750 what? Double pumper? Vacuum secondary? 750CFM is not too big for a 350. If the primaries are a terrible design, it's a mechanical secondary, or the whole thing is garbage, you'll run into issues. If it's a vacuum secondary, get it tuned right, or, if a piece of junk, replace with something good, like a Q-jet. :) Good carbs cost a fair chunk of change unfortunately. A 600 will of course work, and probably make it seem like the previous carb was too large, but that's an assumption.

Properly designed and tuned, a large carb will work, and work well. Better than smaller.

Vizard was writing about it 11 years ago, if not sooner: http://www.hotrod.com/how-to/engine/0511phr-carburetor-boosters-tech/

If you want to learn something, read that article. He has a good one on exhaust as well.
 
750 what? Double pumper? Vacuum secondary? 750CFM is not too big for a 350. If the primaries are a terrible design, it's a mechanical secondary, or the whole thing is garbage, you'll run into issues.

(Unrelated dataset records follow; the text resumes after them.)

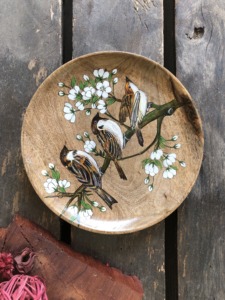 Ensemble de 4 assiettes rondes en bois faites à la main, plateau en bois naturel, vaisselle moderne écologique, plateau de service - Product Image 6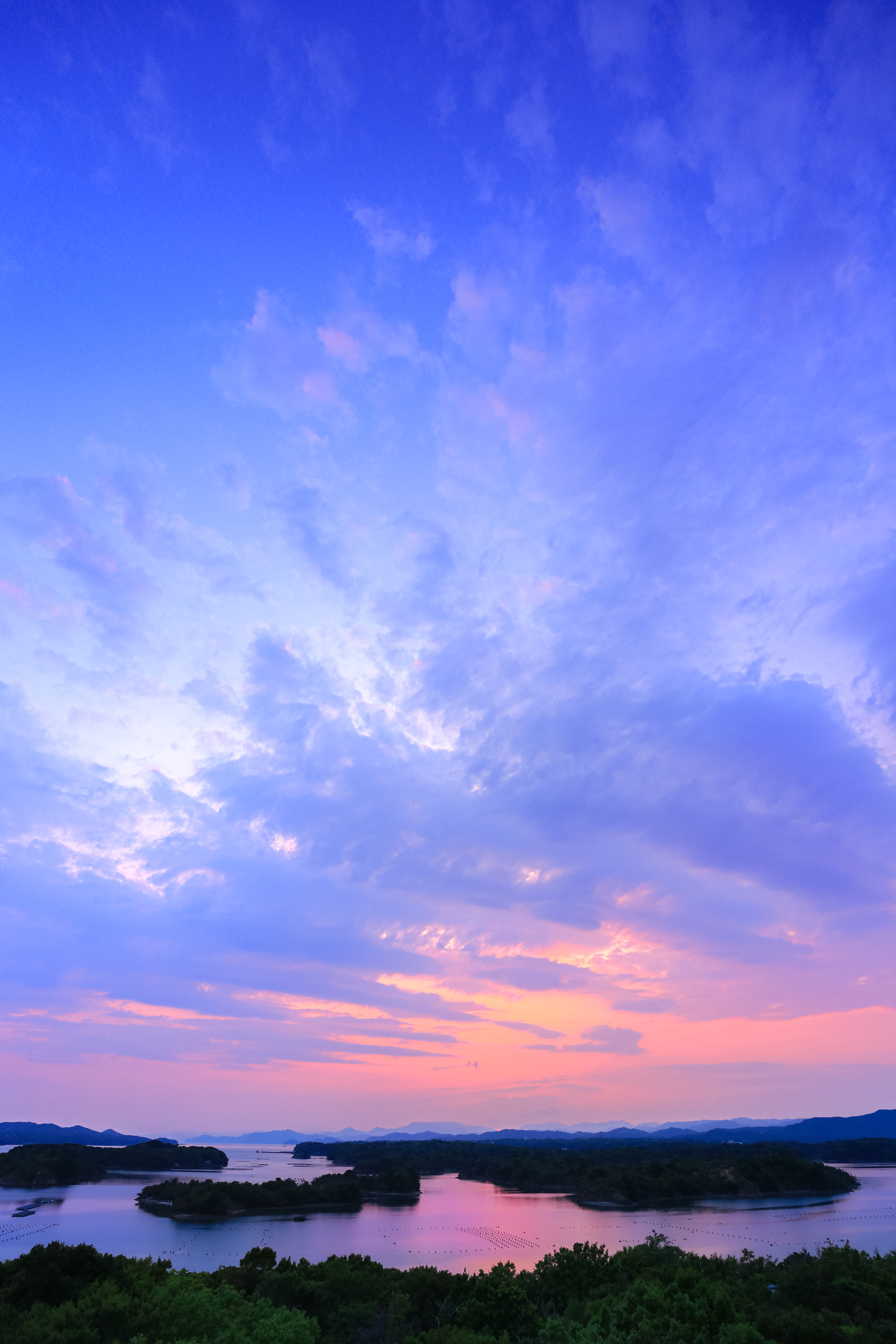 ともやま公園 桐垣展望台 の写真 夕焼けマジックアワー 無料の壁紙 写真なら三重フォトギャラリー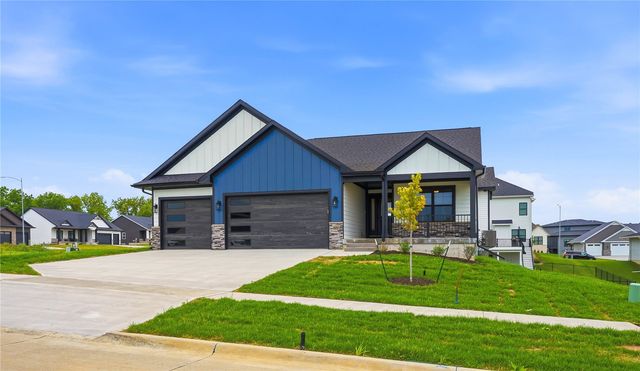 604 Rock Ridge Rd, Tiffin, IA 52340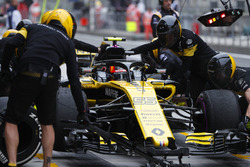 Carlos Sainz Jr., Renault Sport F1 Team R.S. 18, makes a stop during practice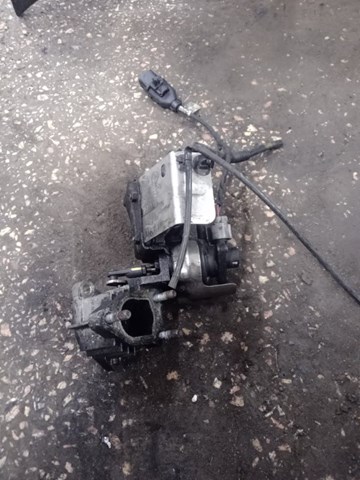 HYUNDAI 284102F700 Клапан ЕГР в наличии Тернополь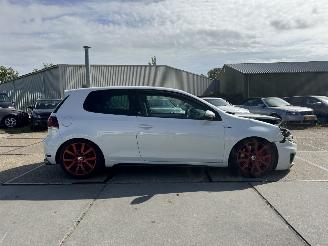 Volkswagen Golf 2.0 GTI adidas picture 17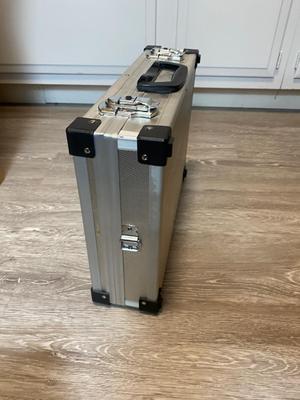 SECURITY CASES AND CAMERA BAG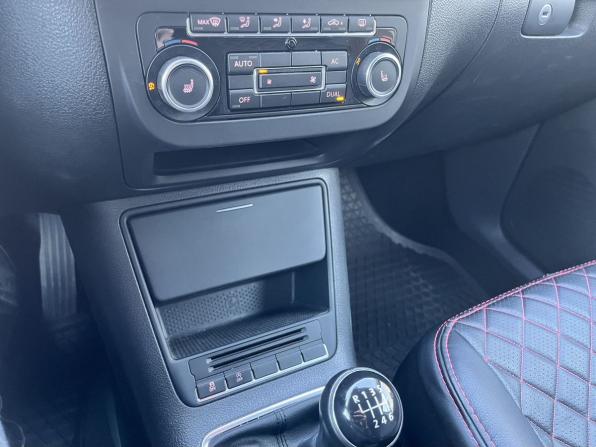 Volkswagen Tiguan I Рестайлинг с пробегом 2011 года, цена 1 240 000 рублей, 134230 км, внедорожник, Автокод Объявления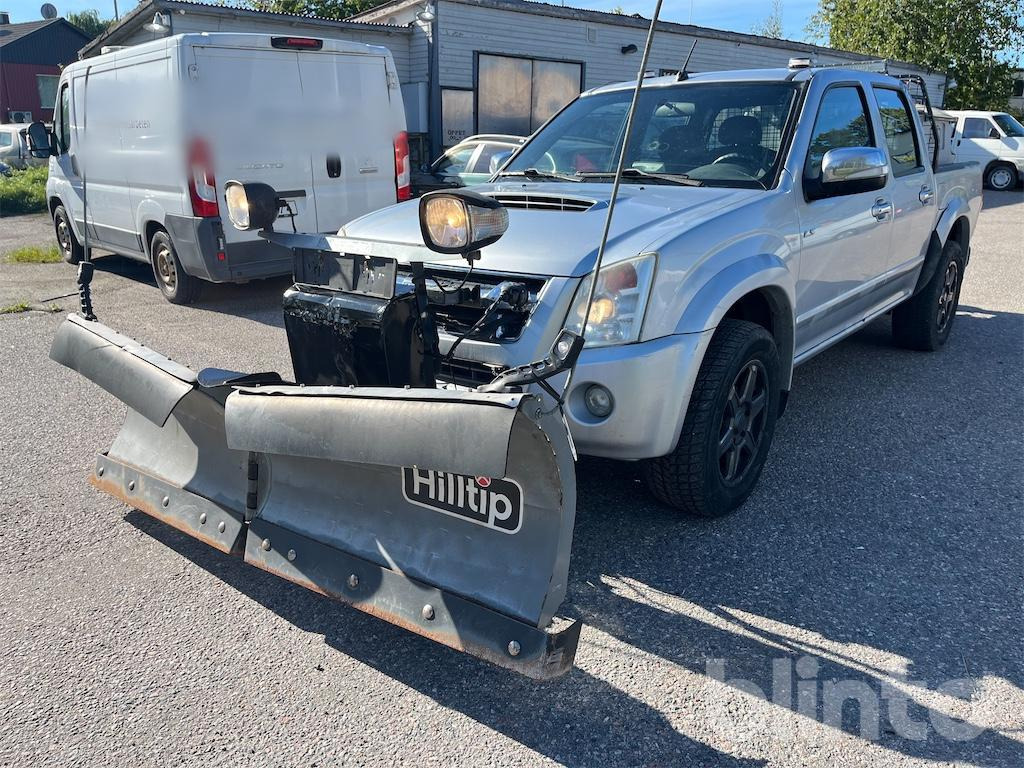 ISUZU CREW 3.0 AT med vikplog och sandspridare - Pick-up, Veículo limpa-neves: foto 1 ISUZU CREW 3.0 AT med vikplog och sandspridare - Pick-up, Veículo limpa-neves: foto 1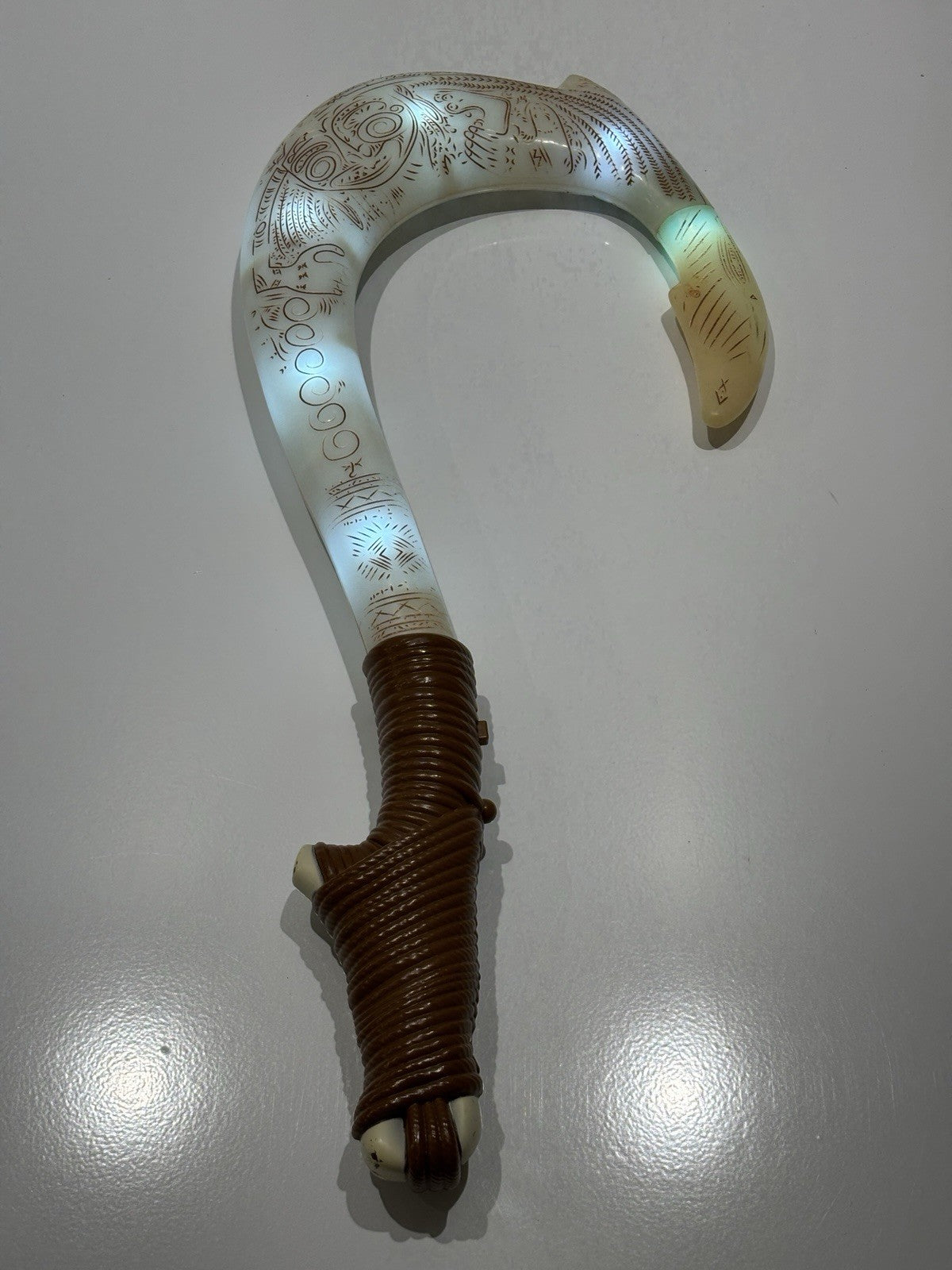 Disney Moana Maui’s Magical Fish Hook Toy With Lights & Sounds Jakks Pacific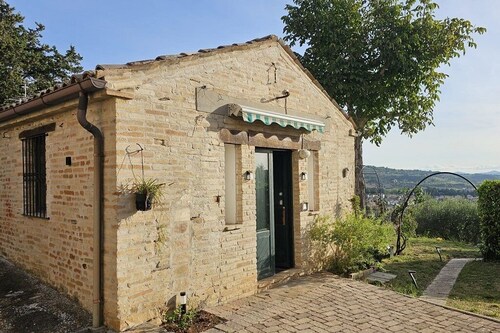 Comfortable Guesthouse in Scenic Italian Countryside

If it's a vacuum secondary, get it tuned right, or, if a piece of junk, replace with something good, like a Q-jet. :) Good carbs cost a fair chunk of change unfortunately. A 600 will of course work, and probably make it seem like the previous carb was too large, but that's an assumption.

Properly designed and tuned, a large carb will work, and work well. Better than smaller.

Vizard was writing about it 11 years ago, if not sooner: http://www.hotrod.com/how-to/engine/0511phr-carburetor-boosters-tech/

If you want to learn something, read that article. He has a good one on exhaust as well.
It's an edelbrock 1407. Do not know if it's vacuum secondaries or mechanical. I think vacuum. Since the metering rods move on springs rated in in/hg.

I just set the timing to 0*-1*. And found out my vacuum advance is bad. But it starts a lot easier now lol I think it was at 12-14*.
 
I just set the timing to 0*-1*. And found out my vacuum advance is bad. But it starts a lot easier now lol I think it was at 12-14*.

0 is for TBI because the ECU controls timing... You will probably want to go back to around 12 base.

That is assuming that your timing marks were correct, always best to double check.